Chinese consumers' demands for imported goods remain high
The results of a recent survey by China's Ministry of Commerce suggest that the demand of Chinese consumers for imported products remains high, and that many of them are considering increasing their spending on imported goods in the future.
The report, looking at the supply and demand for consumer goods in China, shows that consumer demand for imported products remains high, with 20% of the survey respondents saying that 30% of their spending went towards imported goods.
Consumers enter an experience center to purchase imported goods. [Photo: China Plus]
"My daughter likes imported toys and snacks, like crisps and things like that," says one customer in Beijing.
"I prefer imported goods, such as drinks and daily necessities, since their quality is reliable," says another customer.
Popular imported products include cosmetics, maternal and infant products, watches, eyeglasses, cars, and jewelry.
When they're buying imported products, consumers often consider factors like their safety, quality and the brand name.

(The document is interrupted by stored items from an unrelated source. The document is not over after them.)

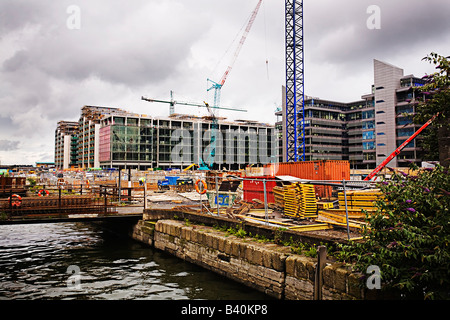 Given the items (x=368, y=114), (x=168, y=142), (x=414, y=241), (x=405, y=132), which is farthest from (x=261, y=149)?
(x=414, y=241)

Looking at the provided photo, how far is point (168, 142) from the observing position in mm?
130500

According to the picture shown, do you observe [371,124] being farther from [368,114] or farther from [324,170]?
[324,170]

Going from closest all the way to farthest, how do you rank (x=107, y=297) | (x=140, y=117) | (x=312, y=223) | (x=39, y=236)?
(x=107, y=297) < (x=312, y=223) < (x=39, y=236) < (x=140, y=117)

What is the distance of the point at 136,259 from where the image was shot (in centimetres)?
1356

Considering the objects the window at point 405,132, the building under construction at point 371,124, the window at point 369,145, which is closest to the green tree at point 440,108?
the building under construction at point 371,124

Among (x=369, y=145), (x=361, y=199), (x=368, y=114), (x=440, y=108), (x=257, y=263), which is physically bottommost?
(x=257, y=263)

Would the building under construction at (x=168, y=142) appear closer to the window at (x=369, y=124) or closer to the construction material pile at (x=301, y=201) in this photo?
the window at (x=369, y=124)

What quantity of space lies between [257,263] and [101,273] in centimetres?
572

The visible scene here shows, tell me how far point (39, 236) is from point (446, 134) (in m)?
19.5

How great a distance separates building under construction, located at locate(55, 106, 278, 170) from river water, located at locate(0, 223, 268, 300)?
95732 millimetres

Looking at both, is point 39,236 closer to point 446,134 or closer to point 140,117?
point 446,134

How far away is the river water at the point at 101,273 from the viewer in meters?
9.51

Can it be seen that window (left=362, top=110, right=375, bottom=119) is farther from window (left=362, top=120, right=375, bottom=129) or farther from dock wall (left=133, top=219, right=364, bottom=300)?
dock wall (left=133, top=219, right=364, bottom=300) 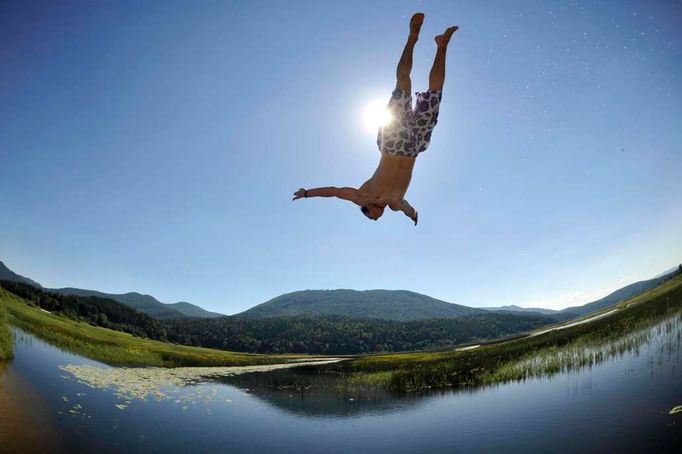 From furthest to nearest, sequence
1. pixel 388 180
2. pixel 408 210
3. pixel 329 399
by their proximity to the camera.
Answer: pixel 329 399 < pixel 408 210 < pixel 388 180

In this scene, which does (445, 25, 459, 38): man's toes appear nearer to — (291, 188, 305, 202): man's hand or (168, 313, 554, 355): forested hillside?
(291, 188, 305, 202): man's hand

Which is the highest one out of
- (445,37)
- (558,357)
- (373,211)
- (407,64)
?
(445,37)

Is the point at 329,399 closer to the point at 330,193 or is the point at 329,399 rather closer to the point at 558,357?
Answer: the point at 558,357

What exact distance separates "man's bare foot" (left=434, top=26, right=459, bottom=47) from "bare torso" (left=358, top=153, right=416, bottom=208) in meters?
2.23

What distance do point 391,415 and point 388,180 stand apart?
12.9 m

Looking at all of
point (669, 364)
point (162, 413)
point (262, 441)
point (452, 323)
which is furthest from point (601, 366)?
point (452, 323)

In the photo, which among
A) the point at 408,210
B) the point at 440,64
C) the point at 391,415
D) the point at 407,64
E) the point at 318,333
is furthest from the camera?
the point at 318,333

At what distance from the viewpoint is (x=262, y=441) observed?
12.0 metres

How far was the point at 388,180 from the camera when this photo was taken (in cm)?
679

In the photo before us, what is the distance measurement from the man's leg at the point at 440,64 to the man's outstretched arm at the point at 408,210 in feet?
7.79

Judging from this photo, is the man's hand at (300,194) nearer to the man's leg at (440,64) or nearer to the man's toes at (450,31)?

Experience centers selling goods imported from South Korea and Southeast Asian countries. [Photo: China Plus]
Bai Ming, a researcher at the Chinese Academy of International Trade and Economic Cooperation, says that the high demand for imported goods is a sign of how quickly incomes are rising in China.
"In the past, people would often compare prices when going shopping due to their limited income. But now, they will attach more importance to the quality and brand of the imported goods, since their livelihood has improved," says Bai.
The survey also showed that about 31% of the respondents expect to increase their spending on imported goods over the next six months.
This is good news for retailers, as 24.4% of the retailers who responded to the survey said that the sale of imported goods accounts for over half of their total sales.
An experience center selling goods imported from Russia. [Photo: China Plus]
Sales of passenger vehicles make up the largest share of the value of imported goods sold in China, followed by home furnishings, jewelry and electronic devices.
Chinese vendors reported that they expect to increase sales of more than 30 different imported products, such as wine, fresh fruits, and sportswear.
Zhang Jianping, an official with the Chinese Academy of International Trade and Economic Cooperation, suggests that China should keep expanding its imports to keep up with consumer demand.
"The demand of Chinese consumers has continued to grow, as the country has a large middle-income consumer base. To further upgrade their consumption and meet their demands, we should actively expand imports. On the other hand, upgraded consumption can also boost economic growth," says Zhang.
An experience center selling goods imported from the United States and European countries. [Photo: China Plus]
On Wednesday, China's State Council decided to further cut import tariffs for daily consumer goods starting July 1st.
The tariff cuts will cover a variety of commodities including clothing and accessories, home appliances, detergents, processed food, as well as cosmetics, medicines, and health products.
The move aims to expand the opening of the country's economy, better meet consumer demands and boost the quality of goods in the domestic market.